··· SOURCE RECORDS ···

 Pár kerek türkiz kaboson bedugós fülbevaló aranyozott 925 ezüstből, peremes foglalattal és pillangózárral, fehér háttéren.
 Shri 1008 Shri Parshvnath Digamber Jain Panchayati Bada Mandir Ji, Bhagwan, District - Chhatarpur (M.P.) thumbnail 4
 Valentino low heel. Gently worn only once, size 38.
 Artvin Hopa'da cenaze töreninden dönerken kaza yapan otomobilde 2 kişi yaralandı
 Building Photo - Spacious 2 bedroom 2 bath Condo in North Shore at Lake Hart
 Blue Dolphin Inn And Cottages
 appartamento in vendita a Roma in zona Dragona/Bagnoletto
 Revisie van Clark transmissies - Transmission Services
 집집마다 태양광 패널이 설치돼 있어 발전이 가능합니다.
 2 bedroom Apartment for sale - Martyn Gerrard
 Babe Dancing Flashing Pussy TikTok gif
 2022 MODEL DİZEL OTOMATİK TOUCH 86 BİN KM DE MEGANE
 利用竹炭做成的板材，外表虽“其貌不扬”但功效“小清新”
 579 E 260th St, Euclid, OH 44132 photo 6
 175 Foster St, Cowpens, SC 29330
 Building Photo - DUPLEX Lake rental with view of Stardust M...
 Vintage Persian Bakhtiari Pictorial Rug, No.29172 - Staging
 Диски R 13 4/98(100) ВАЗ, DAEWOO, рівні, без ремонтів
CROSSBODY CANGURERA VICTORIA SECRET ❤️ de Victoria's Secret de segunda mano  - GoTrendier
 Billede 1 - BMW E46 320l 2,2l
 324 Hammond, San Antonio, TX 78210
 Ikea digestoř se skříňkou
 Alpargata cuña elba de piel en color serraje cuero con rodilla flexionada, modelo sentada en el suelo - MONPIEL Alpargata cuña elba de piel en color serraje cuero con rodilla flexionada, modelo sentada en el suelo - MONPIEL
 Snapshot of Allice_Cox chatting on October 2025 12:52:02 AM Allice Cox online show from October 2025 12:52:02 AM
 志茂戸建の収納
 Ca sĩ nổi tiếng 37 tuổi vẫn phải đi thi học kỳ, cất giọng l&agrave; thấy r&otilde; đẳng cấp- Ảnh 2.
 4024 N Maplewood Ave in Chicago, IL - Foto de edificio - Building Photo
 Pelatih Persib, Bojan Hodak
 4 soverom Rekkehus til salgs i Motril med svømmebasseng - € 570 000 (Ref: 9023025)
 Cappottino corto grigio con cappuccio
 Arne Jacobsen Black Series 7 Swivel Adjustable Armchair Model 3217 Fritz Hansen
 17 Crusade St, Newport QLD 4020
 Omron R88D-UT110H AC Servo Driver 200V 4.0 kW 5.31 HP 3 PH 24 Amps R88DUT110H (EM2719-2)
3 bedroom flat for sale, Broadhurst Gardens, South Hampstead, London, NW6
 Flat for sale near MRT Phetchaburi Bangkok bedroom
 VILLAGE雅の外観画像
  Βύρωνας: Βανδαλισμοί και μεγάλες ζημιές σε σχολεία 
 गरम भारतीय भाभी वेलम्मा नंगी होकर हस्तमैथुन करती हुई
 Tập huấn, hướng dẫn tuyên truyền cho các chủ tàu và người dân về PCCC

···

▶ **WORK ORDER**:
Look above for the line that contains "Building Photo - DUPLEX". Starting there, transcribe every line exactly until you have copied the line that contains "Billede 1 - BMW E46 320l 2,2l".

▶ **THE COMPLETED TASK**:
 Building Photo - DUPLEX Lake rental with view of Stardust M...
 Vintage Persian Bakhtiari Pictorial Rug, No.29172 - Staging
 Диски R 13 4/98(100) ВАЗ, DAEWOO, рівні, без ремонтів
CROSSBODY CANGURERA VICTORIA SECRET ❤️ de Victoria's Secret de segunda mano  - GoTrendier
 Billede 1 - BMW E46 320l 2,2l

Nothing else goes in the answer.